Life is hard when you’re out of butter.

So I decided to roast them instead. Normally, when I make this I’m using full on, fat-assed green beans. And I learned through trial and error back in high school (when I first found this recipe, in an issue of Details, no less) that with green beans that thick, you just have to boil them first. You’ll never get them tender enough by roasting them without also burning the living hell outta them. But I was using lovely, slender, tender haricot verts and they require no pre-boiling whatsoever. They came out delicious, sizzling in a bit of olive oil, seasoned by chopped garlic and onion rings. During the last few minutes of cooking, I grabbed a lemon and squeezed it over the beans. It added a bit of bright flavor which really made a difference overall.

The best thing about this recipe is that it’s barely a recipe at all—it’s more of a method. Amounts just don’t matter; you could do this with one serving of beans in your toaster oven if you felt fanciful. Not that I recommend that if other people will be present. Jealousy runs high once the smell of this gets around; you’d better be ready to share.
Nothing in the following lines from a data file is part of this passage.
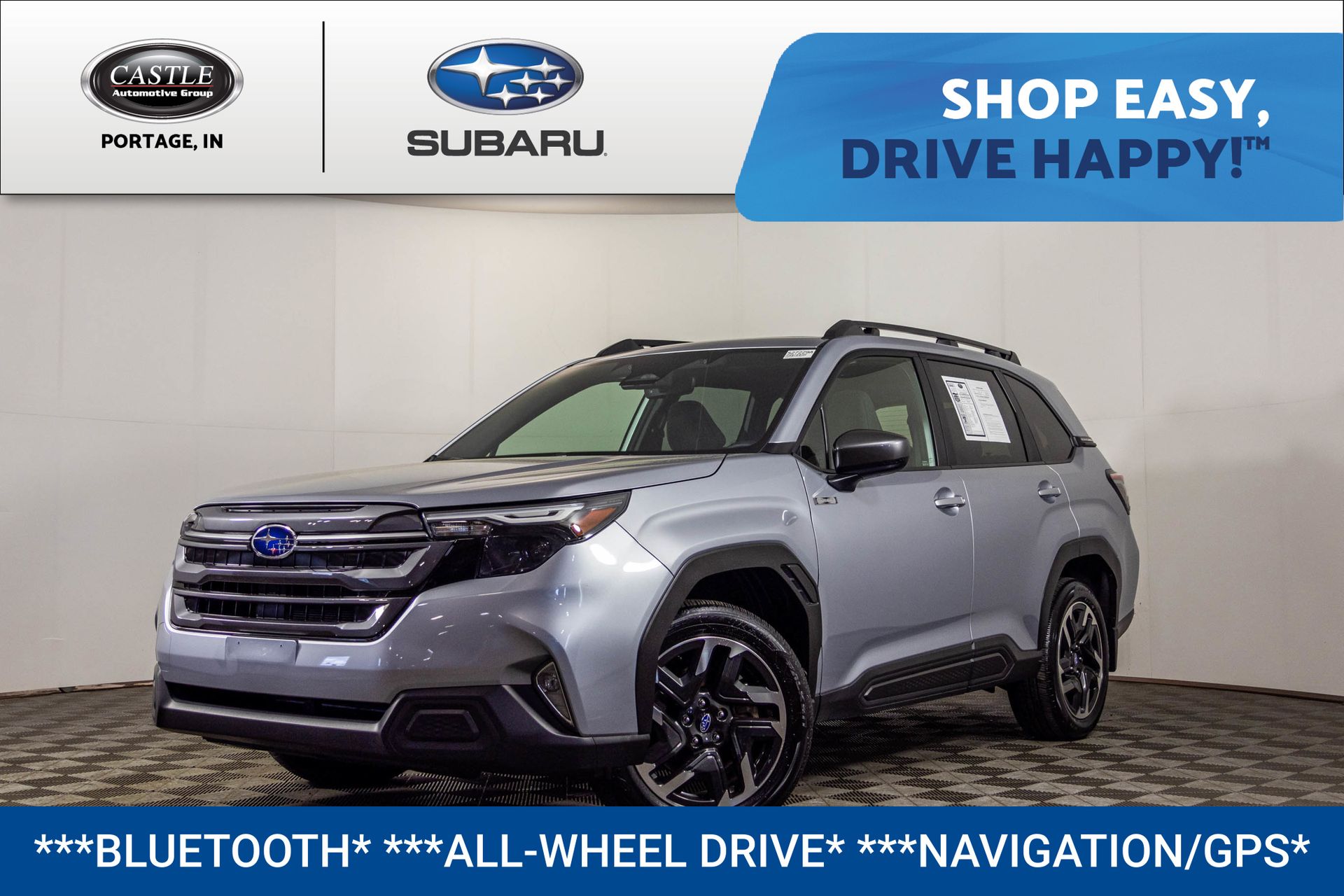 Ice Silver Metallic 2025 Subaru Forester Hybrid Premium AWD SUV / Crossover All-Wheel Drive Continuously Variable Transmission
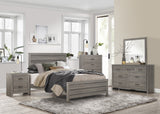 Waldorf Dark Gray Queen Bed
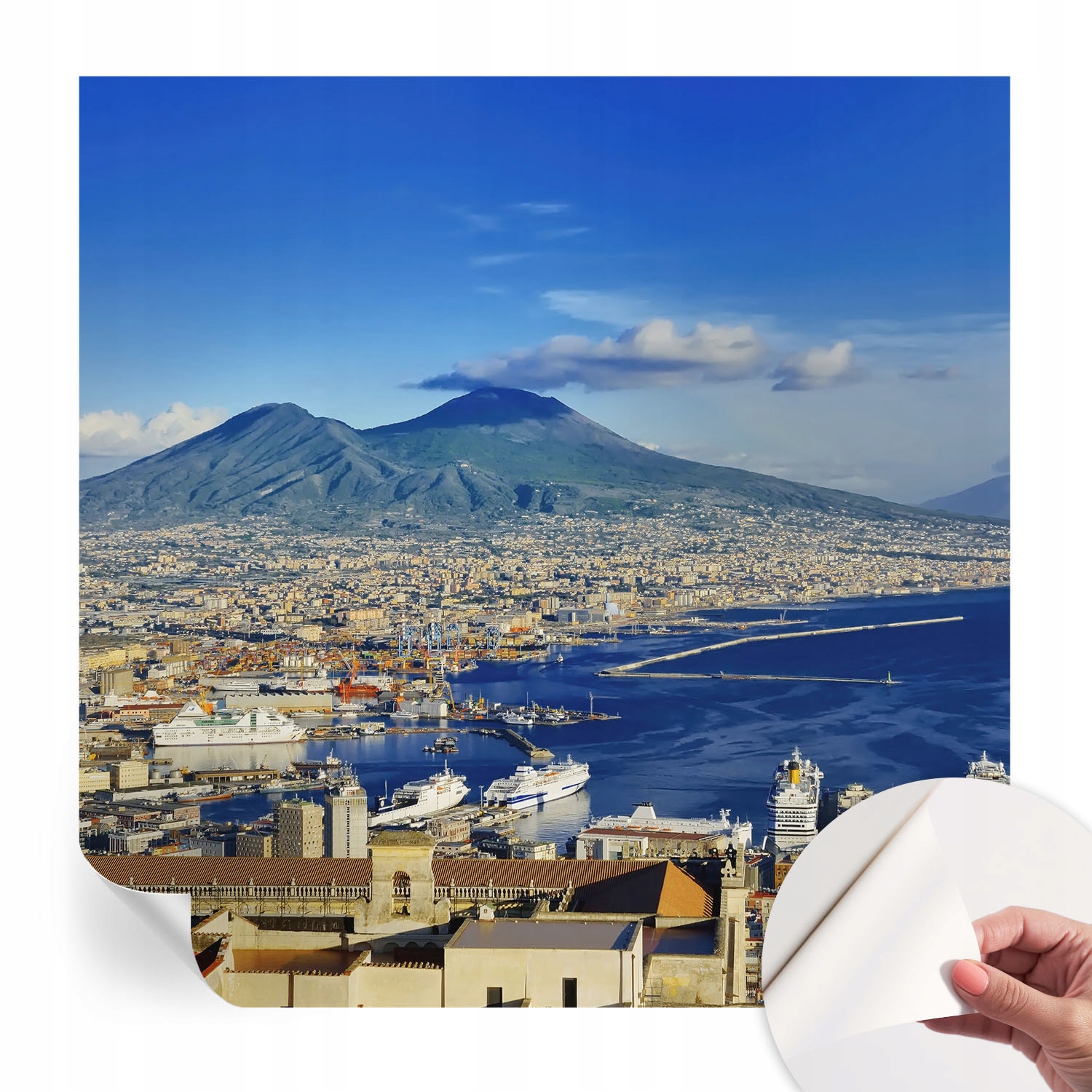 Dekorativní Samolepicí fototapeta do ložnice Přímořská panorama 250x250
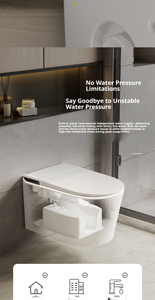 G837 Toilette intelligente suspendue tout-en-un, haute technologie, étanche, 110V/220V, toutes fonctions, commande vocale mains libres, G837 Wall - Product Image 4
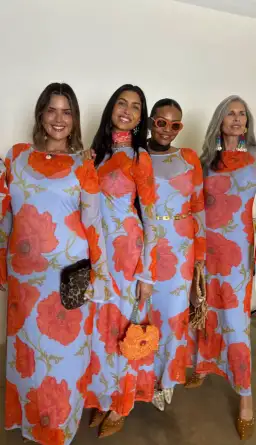 Never Fully Dressed Blue Poppy Aria Mesh Maxi Dress Size AU 12 for rent on The Volte - image 4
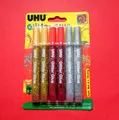UHU Glitzerkleber Glitter Glue 6er Pack 6x10ml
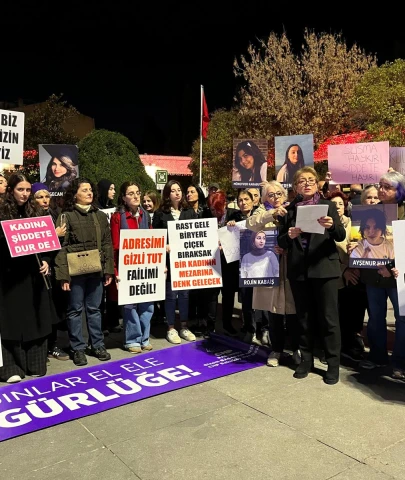 "Susturulmak istemiyoruz!"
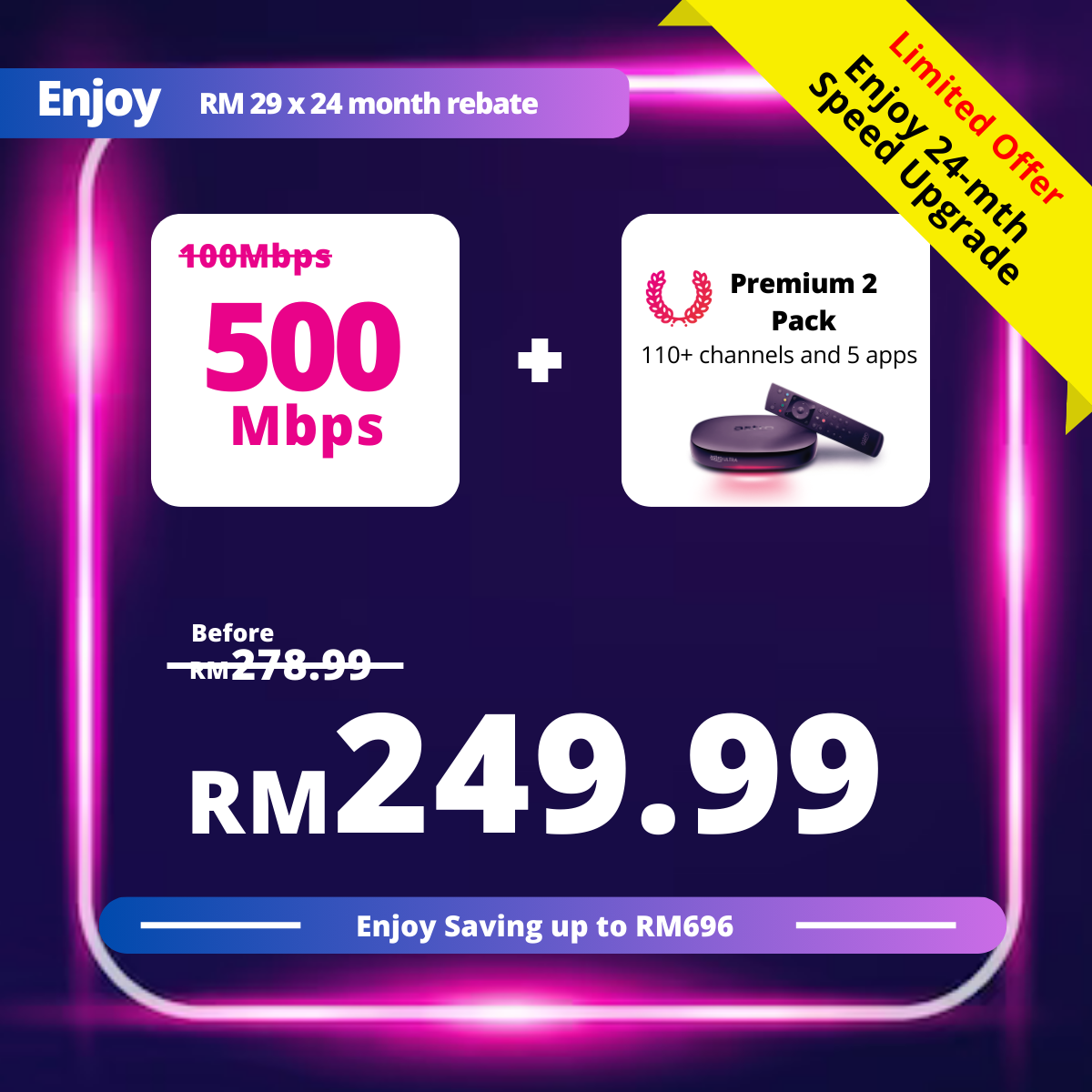 Astro 100Mbps + Premium Pack 2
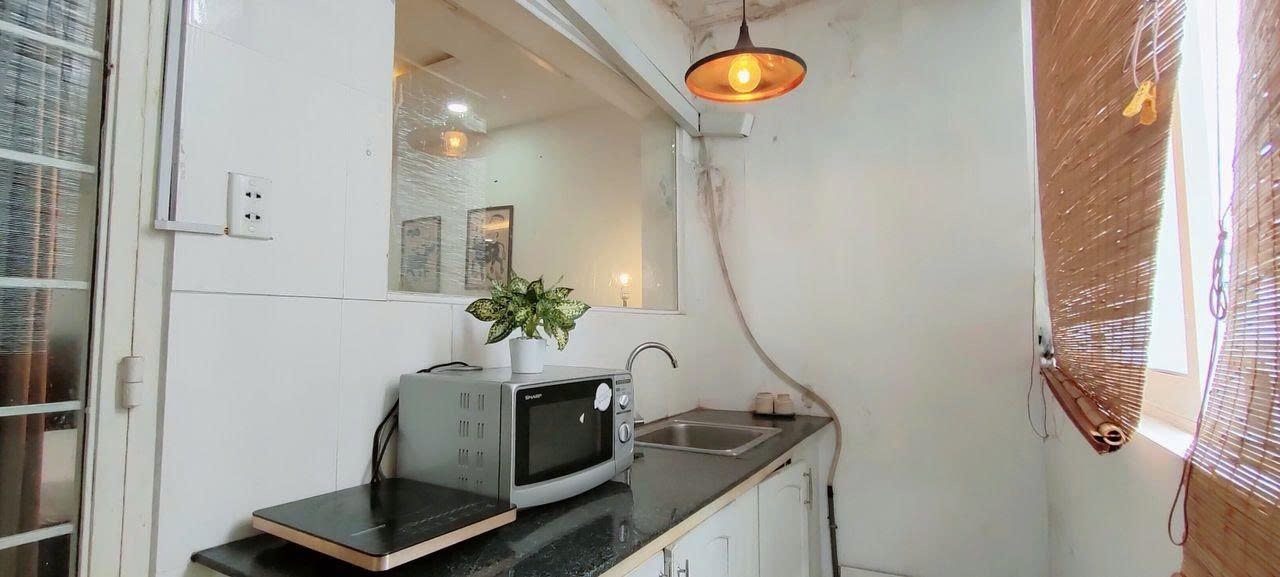 Phòng trọ Studio 35m2 tại PTC House Nguyễn Cửu Vân - Bình Thạnh - Phòng bếp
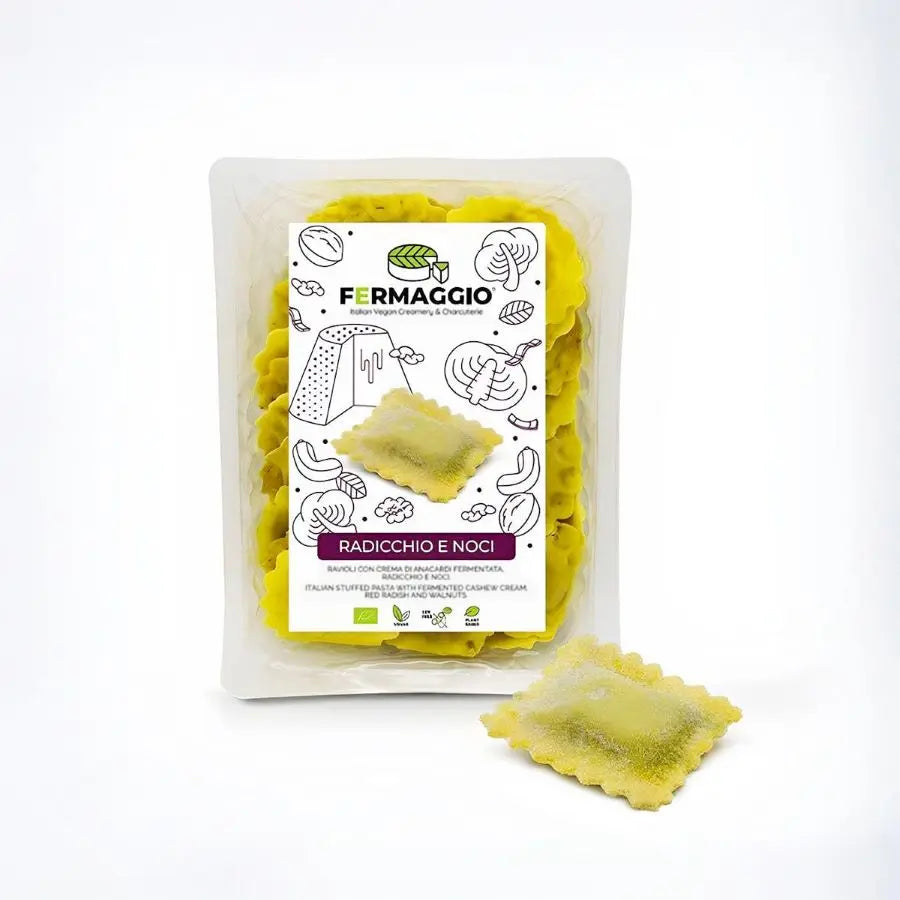 Raviolis Frescos De Radicchio Y Nueces Fermaggio 250g Bio_0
I’ve never had this dish anywhere else, neither at restaurants nor people’s houses and when I make it for people, they are usually surprised. Apparently people aren’t roasting their green beans on a widespread level. So start a new trend, get to roasting!

Roasted Green Beans

Green beans or haricot verts, rinsed, ends trimmed
chopped garlic
onion, sliced into rings
olive oil
lemon juice

Like I said, the ingredients are vague because amounts just don’t matter. This is a method, not a recipe. If using green beans, boil until fork-tender, drain, and place on a baking sheet with a lip. If using haricot verts, just place on the sheet. Throw some chopped garlic in there, as much or as little as you want. Drizzle the beans with olive oil, but not too much. We don’t want to drown them, just barely coat them all. Salt and pepper the batch, and toss everything together gently with a spoon to evenly coat and season the beans. Place the onion rings over the top, rubbing a bit of oil on them if you like.

Place your oven rack in the second highest position, turn to BROIL, and put in the beans. Every five minutes or so, shake the pan and check your progress. Some of the beans will start to turn brown, the oil will start to sizzle slightly, and a heavenly aroma will begin to pour from your oven. Take a bean from the pan and test it. If they seem to be turning brown faster than they’re turning tender, move the rack down another notch.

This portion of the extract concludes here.